O Físico (2013)

Escrita por Filipe Manuel Neto em 31 dezembro 2022

É um bom filme, entretém bem o seu público, mas está repleto de pequenos erros históricos que poderiam facilmente ter sido emendados.

Filmes sobre os tempos medievais são sempre agradáveis de ver, especialmente para mim, que tenho um grande carinho por este período histórico, acerca do qual fiz uma especialização como historiador. Infelizmente, e como acontece regularmente, este filme está cheio de erros.

O roteiro é bastante bom, do ponto de vista do entretenimento: um órfão inglês que é criado e treinado por um barbeiro itinerante adquire grande fascínio pela medicina e pela capacidade de curar doenças e padecimentos físicos. Todavia, ele tem consciência de que sabe muito pouco, e de que o seu mestre sabe ainda menos, e essa consciência fica mais clara quando convive com médicos judeus que aprenderam no Oriente a sua arte. Assim, ele decide disfarçar-se de judeu e viajar para a Pérsia, a fim de ser admitido como pupilo de um mestre médico, Ibn Sina.

Para aqueles que não sabem, o filme é parcialmente baseado em factos e personagens reais: Ibn Sina, por exemplo, existiu verdadeiramente e entrou para a história da medicina com o seu nome ocidentalizado: Avicena.
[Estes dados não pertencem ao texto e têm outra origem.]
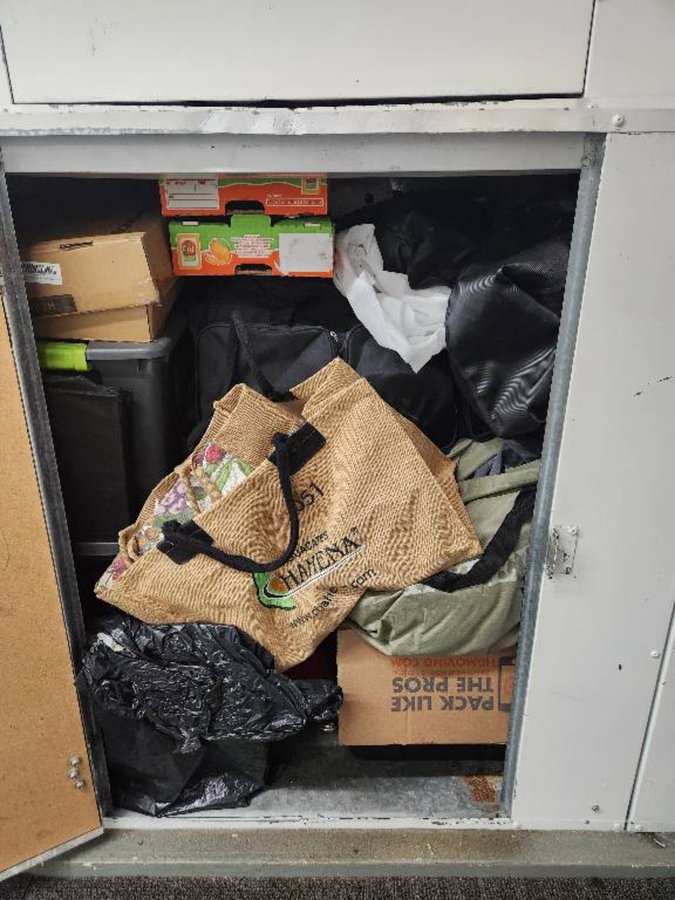 4 x 3 storage unit in Los Angeles, CA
Também é verdade que os árabes tinham, durante este período (o chamado Ano Mil), um conhecimento científico muito mais avançado do que os cristãos, e os judeus, que tinham uma certa facilidade para circulavam entre os dois mundos (o Oriente e o Ocidente), acabaram por desenvolver uma particular vocação para as ciências e medicina, que foi posteriormente aproveitada no Ocidente, principalmente em tempos de maior tolerância religiosa.

Infelizmente, muitas coisas no filme (particularmente os detalhes) não fazem sentido: seria um pouco difícil para um cristão sem grandes estudos disfarçar-se de judeu sem ser reconhecido e “desmascarado” pelos próprios; também não seria assim tão fácil fazer uma viagem das Ilhas Britânicas até ao coração da Pérsia, embora não fosse impossível. Impossível seria, todavia, ver os persas do ano Mil a festejar alguma coisa com fogos de artifício, posto que esta tecnologia só chegou àquela cultura duzentos anos depois. As noções modernas de feitiçaria e necromancia também só vão surgir a partir do século XIII, e a Igreja nunca queimou ninguém, ela declarava o réu como herege e entregava-o à justiça civil, que (essa sim) o poderia queimar ou não. Ainda mais flagrante foi o erro de incluir no filme uma epidemia de peste bubónica antes do século XIV, quando a doença apareceu historicamente. E apesar de o Xá ter existido, e de os Seljúcidas serem efectivamente uma ameaça na região durante a época retractada, nunca teríamos visto os muçulmanos prostrarem-se diante do Xá porque eles simplesmente não o fazem. Há ainda outros erros: a Torre de Londres, que aparece no fim do filme, só foi construída cem anos depois e não teria o aspecto da actual edificação até, pelo menos, ao século XVI. Não me interpretem mal, o filme vale a pena mesmo com estes problemas. O que nós temos de perceber é que não se trata de um documentário e as coisas não eram exactamente como são retractadas.

Thomas Payne é bastante bom no papel protagonista e faz um bom trabalho como actor, mesmo que por vezes seja ensombrado pelos desempenhos impressionantes e carismáticas de colegas como Stellan Skarsgard ou Ben Kingsley, dois actores que estão em excelente forma e que nos dão actuações verdadeiramente empenhadas e interessantes. Emma Ribgy também fez um bom trabalho, mas tem relativamente pouca coisa a fazer.

Tecnicamente, o filme conta com uma boa cinematografia e bons cenários e figurinos. Não são especialmente precisos, do ponto de vista histórico, mas são esteticamente bem feitos. O CGI é razoavelmente bom e funciona bem, ainda que não seja muito realista. A banda sonora não me convenceu nem agradou particularmente, mas os efeitos visuais e sonoros são bons. O ritmo também é bastante bom, e apesar de o filme ser relativamente longo, quase não sentimos o tempo a passar.